EXERCISE OBJECTIVE | The answer must be an exact copy of the lines from the one containing "Садовый секатор Kubis" through the last line of the records, with the pictures left out.

Top of RECORDS TO PROCESS

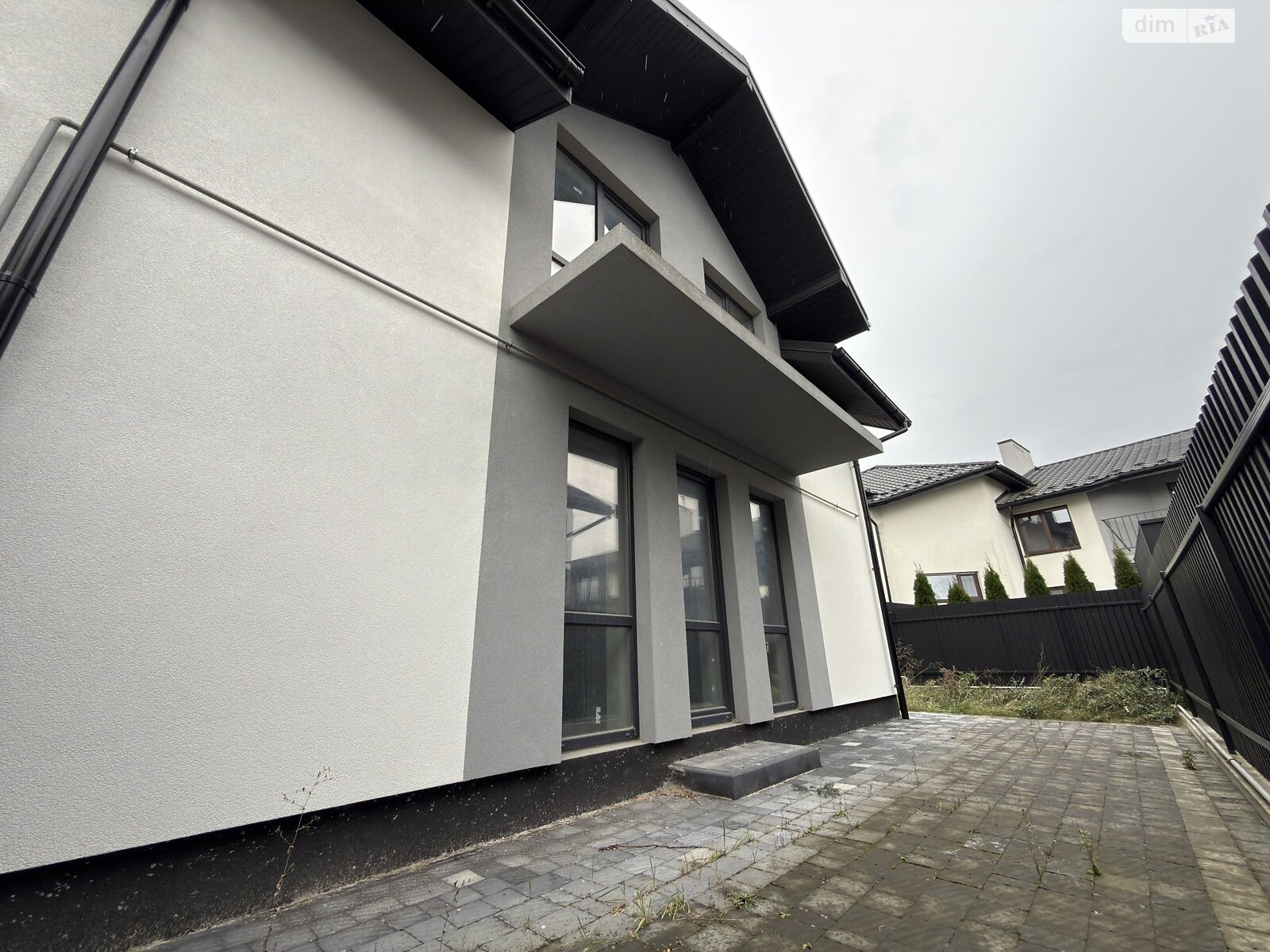 двоповерховий дуплекс, 144 кв. м, кирпич. Продаж у Лапаївці фото 1 двоповерховий дуплекс, 144 кв. м, кирпич. Продаж у Лапаївці фото 1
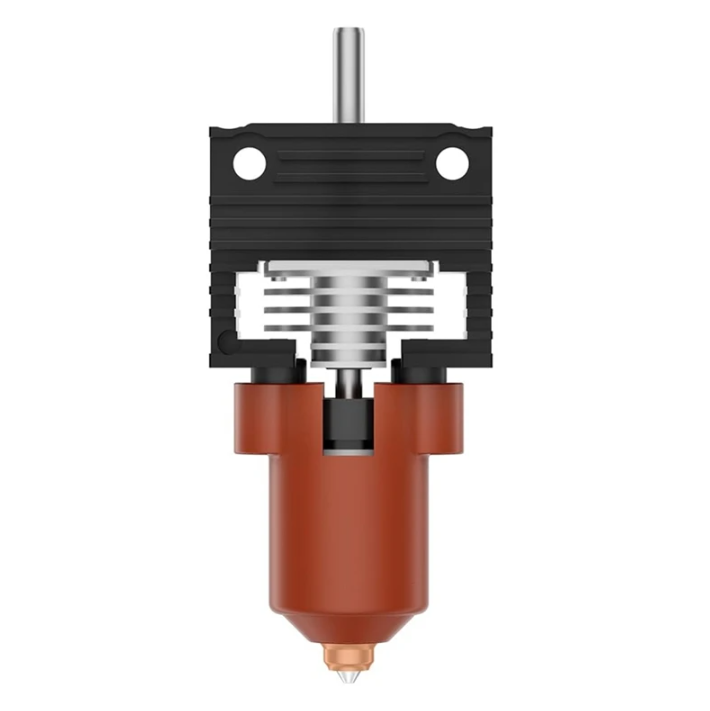 Creality K1C Upgrade Hotend Görseli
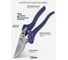 Садовый секатор Kubis KATANA max 15 мм, лезвие SK5, HRC 53-55, 210 мм 02-05-6005 3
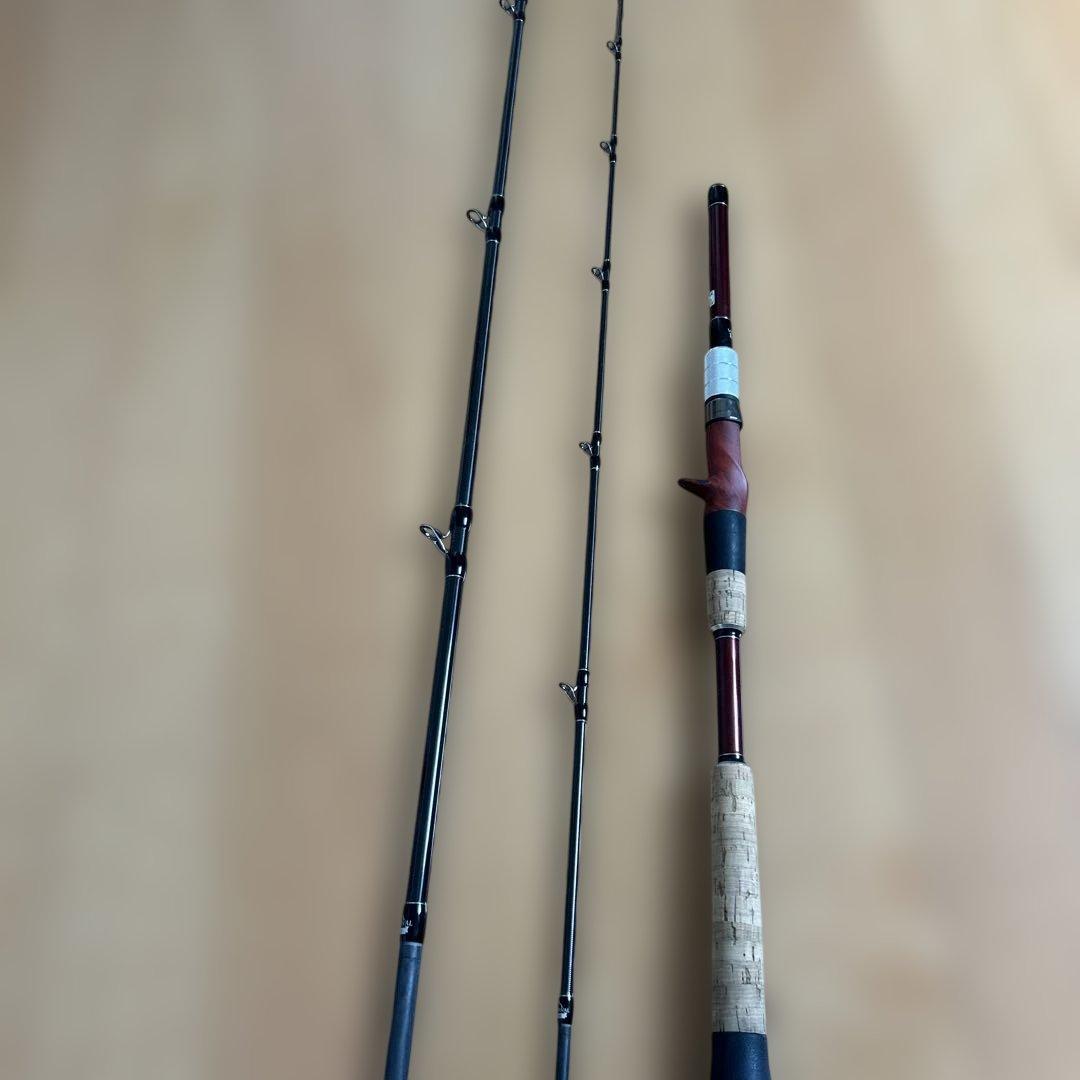 VENDAVAL 8.9M ルアーロッド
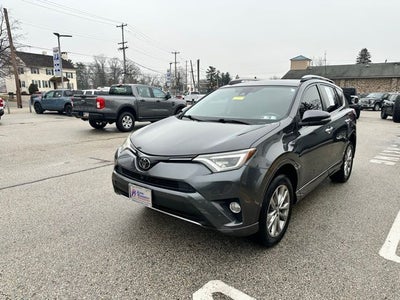 2017 Toyota RAV4 Limited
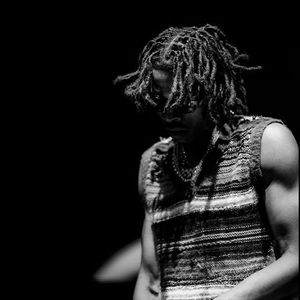 "YESIR" rich amiri x ian glo type beat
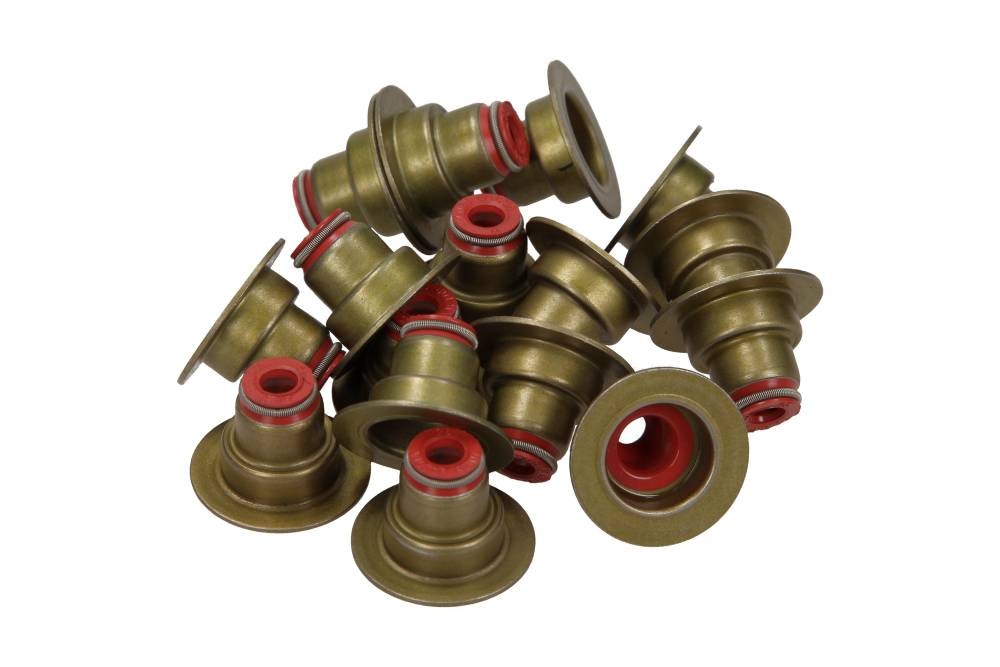 Joints de tige de soupape Opel 1.6B anti fumee bleue echappement ratés moteur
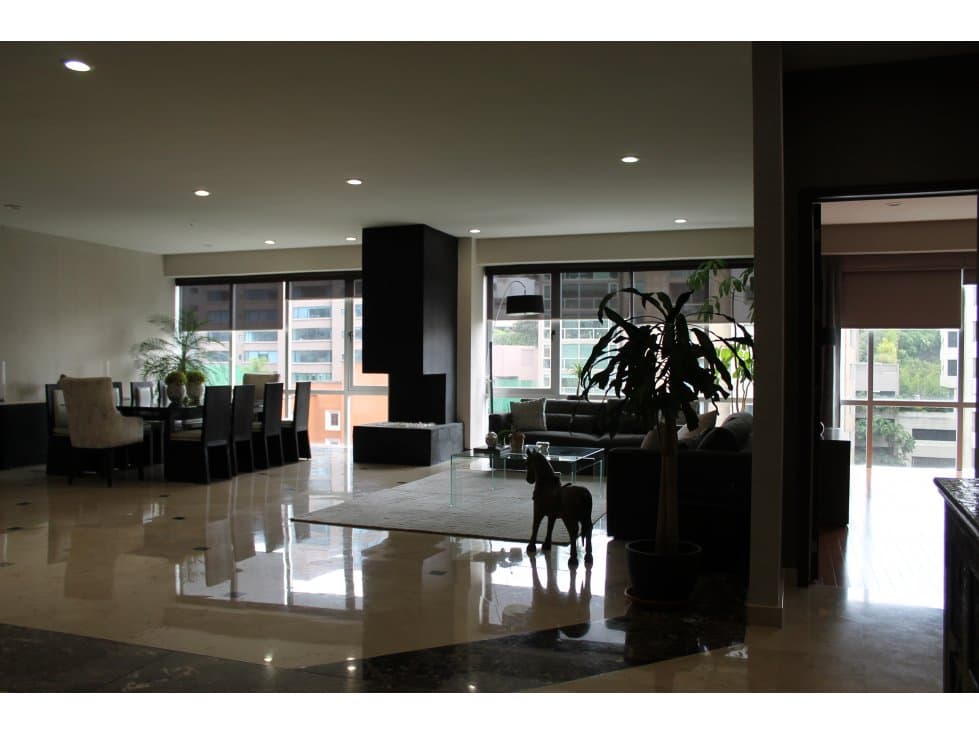 Departamento en Renta Bosques de las Lomas — foto 5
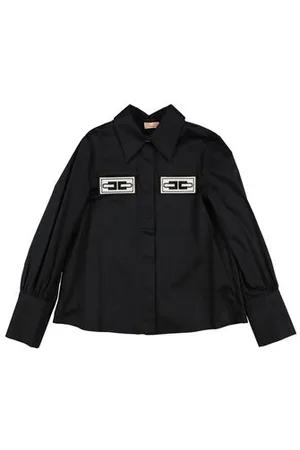 Elisabetta Franchi CAMISETAS Y TOPS - Camisas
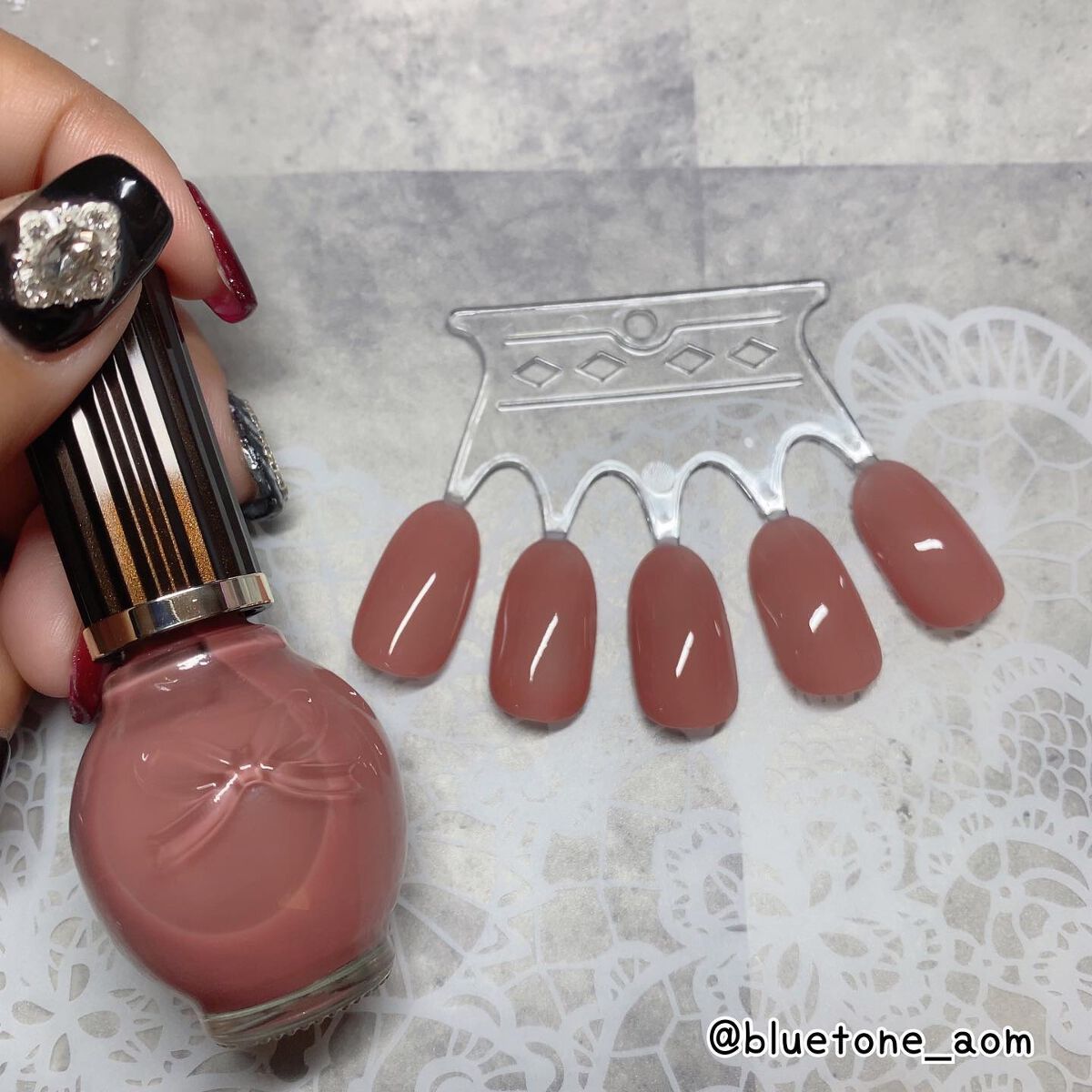 シュガードール オールインワンネイルR/シュガードール/オールインワンネイルを使ったクチコミ(1枚目)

Bottom of RECORDS TO PROCESS

TASK ANSWER |
 Садовый секатор Kubis KATANA max 15 мм, лезвие SK5, HRC 53-55, 210 мм 02-05-6005 3
 VENDAVAL 8.9M ルアーロッド
 2017 Toyota RAV4 Limited
 "YESIR" rich amiri x ian glo type beat
 Joints de tige de soupape Opel 1.6B anti fumee bleue echappement ratés moteur
 Departamento en Renta Bosques de las Lomas — foto 5
 Elisabetta Franchi CAMISETAS Y TOPS - Camisas
 シュガードール オールインワンネイルR/シュガードール/オールインワンネイルを使ったクチコミ(1枚目)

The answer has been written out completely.